Moderate my drinking. Would there be a worse time to try to cut down alcohol consumption than the summer holiday season?
Eat sensibly. See "moderate my drinking", above.
Exercise more. See "eat sensibly", above.
Change is good. But the ability to change is in our heads, not on our calendars.
For an organisation that is all about friendship, Facebook has a knack for putting a strain on the relationship. If you're not one of the more than 1.5 million Kiwis who are on the social networking site, you won't have grown punch drunk with its dizzying changes of format, rules and policies.
Now the site is introducing a dinky setting which transforms your "liking" of an ad into an ad using your likeness, and reporting that you like it.
So not only does everyone get to be famous for 15 minutes, with Facebook everyone can also experience one of the ultimate markers of fame - the celebrity endorsement.
One important difference between you and slightly better-known people, such as Clint Eastwood, is that you won't get paid for your endorsement. But Facebook will get paid a lot by advertisers to turn ordinary citizens into sales people.

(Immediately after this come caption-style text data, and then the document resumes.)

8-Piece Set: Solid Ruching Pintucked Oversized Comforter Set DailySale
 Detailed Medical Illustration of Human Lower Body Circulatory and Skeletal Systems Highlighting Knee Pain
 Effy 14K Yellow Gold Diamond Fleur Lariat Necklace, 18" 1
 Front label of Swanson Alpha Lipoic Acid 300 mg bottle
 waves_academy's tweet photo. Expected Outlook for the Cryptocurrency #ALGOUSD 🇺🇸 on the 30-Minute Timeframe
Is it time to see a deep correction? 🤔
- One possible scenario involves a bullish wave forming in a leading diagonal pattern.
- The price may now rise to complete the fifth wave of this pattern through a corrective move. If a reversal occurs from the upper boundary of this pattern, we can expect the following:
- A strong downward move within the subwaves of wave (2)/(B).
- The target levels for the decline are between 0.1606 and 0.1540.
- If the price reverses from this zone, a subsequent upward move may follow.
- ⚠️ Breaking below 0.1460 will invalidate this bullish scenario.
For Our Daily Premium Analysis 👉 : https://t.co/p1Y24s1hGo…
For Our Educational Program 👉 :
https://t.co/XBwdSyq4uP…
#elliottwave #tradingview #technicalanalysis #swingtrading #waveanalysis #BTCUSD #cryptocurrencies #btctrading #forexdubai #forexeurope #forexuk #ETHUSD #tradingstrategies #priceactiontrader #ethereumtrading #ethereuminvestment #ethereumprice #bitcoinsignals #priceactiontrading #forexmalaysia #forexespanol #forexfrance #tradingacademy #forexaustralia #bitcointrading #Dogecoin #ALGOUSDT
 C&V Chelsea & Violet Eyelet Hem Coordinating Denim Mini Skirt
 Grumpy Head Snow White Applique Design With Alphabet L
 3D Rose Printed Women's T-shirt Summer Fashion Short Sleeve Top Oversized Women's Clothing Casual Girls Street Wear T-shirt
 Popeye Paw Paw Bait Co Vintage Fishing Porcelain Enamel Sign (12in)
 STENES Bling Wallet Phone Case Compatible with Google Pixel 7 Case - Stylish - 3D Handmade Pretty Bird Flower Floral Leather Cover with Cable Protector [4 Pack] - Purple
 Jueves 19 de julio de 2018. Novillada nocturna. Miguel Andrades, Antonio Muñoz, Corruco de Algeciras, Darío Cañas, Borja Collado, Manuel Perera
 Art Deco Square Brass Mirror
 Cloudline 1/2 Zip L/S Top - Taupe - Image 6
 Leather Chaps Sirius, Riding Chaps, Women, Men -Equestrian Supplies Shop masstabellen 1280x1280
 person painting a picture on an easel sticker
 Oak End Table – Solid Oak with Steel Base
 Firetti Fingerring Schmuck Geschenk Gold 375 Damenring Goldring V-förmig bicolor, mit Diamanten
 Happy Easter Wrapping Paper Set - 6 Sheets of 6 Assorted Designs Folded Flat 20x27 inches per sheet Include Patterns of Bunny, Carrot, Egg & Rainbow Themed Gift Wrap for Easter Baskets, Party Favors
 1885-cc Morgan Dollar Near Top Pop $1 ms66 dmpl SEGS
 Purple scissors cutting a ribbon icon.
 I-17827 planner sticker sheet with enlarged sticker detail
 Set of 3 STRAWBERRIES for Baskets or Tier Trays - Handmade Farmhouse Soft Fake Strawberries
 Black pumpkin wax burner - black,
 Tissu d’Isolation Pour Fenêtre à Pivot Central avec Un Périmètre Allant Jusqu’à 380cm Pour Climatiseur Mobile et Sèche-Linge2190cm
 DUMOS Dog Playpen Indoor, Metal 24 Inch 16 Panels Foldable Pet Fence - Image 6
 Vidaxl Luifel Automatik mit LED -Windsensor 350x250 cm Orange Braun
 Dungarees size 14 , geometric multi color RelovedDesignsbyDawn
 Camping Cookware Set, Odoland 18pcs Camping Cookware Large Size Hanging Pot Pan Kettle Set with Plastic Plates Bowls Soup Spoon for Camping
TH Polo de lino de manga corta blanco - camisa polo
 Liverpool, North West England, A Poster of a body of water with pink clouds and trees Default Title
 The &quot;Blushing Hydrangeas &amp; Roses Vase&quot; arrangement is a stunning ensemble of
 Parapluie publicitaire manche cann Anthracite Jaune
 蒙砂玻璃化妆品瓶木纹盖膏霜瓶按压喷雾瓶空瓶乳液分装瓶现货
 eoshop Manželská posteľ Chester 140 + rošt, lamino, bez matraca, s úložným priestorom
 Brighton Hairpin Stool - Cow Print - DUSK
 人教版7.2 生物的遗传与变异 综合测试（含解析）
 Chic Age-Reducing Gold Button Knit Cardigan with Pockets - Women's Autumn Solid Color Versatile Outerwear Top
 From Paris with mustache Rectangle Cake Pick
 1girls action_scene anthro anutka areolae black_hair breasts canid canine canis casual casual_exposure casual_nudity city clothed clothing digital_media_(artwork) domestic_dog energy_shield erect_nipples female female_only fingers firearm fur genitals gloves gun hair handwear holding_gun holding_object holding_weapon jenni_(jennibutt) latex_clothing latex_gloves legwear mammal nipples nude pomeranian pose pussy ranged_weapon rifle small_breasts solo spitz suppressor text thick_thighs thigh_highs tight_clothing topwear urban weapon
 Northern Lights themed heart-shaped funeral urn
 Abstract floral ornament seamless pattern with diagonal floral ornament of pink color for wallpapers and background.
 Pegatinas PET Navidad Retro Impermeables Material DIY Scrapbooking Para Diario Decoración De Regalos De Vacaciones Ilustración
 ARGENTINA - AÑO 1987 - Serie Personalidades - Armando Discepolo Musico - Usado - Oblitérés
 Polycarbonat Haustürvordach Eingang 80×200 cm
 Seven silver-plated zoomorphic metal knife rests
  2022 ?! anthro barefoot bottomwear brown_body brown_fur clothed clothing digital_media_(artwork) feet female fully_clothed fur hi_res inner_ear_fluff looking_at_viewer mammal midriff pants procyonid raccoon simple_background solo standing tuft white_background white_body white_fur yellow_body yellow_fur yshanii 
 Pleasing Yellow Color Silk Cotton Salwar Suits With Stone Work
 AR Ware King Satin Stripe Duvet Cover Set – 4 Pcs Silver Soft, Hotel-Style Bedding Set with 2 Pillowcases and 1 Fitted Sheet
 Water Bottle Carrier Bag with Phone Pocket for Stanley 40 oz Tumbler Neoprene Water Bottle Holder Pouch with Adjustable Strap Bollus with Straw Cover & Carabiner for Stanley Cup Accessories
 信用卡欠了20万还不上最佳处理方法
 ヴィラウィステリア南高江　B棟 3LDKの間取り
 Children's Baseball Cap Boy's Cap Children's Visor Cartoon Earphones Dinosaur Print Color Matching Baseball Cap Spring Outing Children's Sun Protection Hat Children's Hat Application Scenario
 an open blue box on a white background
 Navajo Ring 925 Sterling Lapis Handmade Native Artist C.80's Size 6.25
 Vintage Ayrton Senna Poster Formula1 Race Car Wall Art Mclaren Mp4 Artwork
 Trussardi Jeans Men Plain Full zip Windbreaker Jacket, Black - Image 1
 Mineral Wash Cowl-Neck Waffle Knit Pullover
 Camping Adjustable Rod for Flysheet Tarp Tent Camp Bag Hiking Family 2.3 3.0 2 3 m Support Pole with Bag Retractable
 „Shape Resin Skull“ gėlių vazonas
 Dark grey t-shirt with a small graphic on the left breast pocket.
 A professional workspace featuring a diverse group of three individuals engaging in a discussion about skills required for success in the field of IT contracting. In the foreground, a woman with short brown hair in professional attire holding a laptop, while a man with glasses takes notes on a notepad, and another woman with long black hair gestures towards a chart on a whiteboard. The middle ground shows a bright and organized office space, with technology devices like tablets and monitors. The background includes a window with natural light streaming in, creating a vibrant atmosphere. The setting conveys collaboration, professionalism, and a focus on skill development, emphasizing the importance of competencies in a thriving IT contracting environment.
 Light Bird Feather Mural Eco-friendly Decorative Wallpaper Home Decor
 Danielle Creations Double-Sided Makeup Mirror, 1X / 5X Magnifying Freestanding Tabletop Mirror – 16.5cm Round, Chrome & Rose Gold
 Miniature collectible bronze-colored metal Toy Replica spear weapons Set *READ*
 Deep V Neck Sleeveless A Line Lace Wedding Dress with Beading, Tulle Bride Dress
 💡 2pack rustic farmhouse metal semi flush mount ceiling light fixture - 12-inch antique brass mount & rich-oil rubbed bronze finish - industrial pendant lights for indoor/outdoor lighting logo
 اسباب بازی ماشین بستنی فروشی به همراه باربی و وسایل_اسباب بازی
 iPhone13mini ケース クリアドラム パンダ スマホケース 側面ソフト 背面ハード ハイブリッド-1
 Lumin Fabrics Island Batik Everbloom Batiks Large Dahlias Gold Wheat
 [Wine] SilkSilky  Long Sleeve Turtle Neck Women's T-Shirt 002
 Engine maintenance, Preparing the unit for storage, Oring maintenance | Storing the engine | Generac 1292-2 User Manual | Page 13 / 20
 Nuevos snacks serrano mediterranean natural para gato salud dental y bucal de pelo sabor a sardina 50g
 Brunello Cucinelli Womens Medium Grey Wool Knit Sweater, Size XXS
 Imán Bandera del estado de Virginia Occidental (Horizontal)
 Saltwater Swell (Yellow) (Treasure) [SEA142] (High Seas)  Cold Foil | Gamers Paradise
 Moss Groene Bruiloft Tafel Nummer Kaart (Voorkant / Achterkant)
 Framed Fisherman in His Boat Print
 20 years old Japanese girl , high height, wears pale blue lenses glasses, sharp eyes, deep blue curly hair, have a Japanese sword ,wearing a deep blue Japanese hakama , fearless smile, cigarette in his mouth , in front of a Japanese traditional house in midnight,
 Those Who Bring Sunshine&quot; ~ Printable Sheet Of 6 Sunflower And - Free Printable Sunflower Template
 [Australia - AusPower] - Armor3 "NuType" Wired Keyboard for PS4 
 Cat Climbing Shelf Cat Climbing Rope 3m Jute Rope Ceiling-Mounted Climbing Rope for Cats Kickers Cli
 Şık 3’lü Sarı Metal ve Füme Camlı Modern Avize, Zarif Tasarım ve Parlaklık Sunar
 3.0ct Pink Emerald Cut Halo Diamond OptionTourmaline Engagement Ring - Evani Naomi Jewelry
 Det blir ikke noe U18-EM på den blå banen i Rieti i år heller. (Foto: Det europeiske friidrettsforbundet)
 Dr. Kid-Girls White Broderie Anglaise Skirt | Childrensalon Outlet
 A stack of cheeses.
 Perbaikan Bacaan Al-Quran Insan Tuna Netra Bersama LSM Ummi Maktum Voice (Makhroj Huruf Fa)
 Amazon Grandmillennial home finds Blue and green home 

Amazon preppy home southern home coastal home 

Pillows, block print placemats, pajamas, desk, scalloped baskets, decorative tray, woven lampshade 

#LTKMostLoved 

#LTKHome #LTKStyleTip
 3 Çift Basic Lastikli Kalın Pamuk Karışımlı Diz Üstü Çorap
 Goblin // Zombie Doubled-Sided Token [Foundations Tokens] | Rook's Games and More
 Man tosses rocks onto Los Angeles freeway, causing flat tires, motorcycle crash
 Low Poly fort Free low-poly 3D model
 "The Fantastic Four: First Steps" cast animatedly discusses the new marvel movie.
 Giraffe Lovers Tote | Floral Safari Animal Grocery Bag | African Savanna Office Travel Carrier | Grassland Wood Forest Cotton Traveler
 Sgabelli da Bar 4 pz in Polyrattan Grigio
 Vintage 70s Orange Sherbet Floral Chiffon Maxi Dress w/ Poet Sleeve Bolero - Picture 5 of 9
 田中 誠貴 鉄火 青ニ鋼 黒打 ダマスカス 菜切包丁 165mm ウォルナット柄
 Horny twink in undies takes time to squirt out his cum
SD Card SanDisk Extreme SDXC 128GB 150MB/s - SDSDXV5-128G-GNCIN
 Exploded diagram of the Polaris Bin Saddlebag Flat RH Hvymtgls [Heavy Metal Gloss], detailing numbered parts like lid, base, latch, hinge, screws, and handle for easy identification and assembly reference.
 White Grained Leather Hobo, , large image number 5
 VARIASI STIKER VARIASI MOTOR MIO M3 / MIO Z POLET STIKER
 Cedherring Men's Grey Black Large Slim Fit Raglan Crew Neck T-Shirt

Founder Mark Zuckerberg, net worth US$17.5 billion ($22.8 billion), says the move is necessary to help cover annual development costs of more than US$1 billion.
The thing I love most about Zuckerberg is that cheeky way in which he passes off his new ways of making money as being for the public good.
He knows he's having you on. You know he's having you on. And that way, you can both get on with it.
This won't be enough for that large percentage of the population who delight in being affronted.
They will conveniently forget that, like so many things at which people take offence, they have to go out of their way to put themselves where they can be offended.
Turn off the radio. Change the TV channel. Leave the theatre. And don't "like" ads on Facebook.
Heartening news over the festive season from the mother country, where "thousands" turned out to bother the Windsors as they made their way from church on Christmas Day.
In recent years, the royals would have been unlikely to encounter more than a disoriented badger and someone trying to give the Queen a tea cosy they had knitted.
Not all the family was there, of course - the Duke of Edinburgh had been hospitalised with a dicky heart. The increase in attendance was attributed to the debut of the Duchess of Cambridge.
Few drew the more likely inference that many came because they did not need to fear a tongue-lashing or racial slur from cantankerous Prince Philip.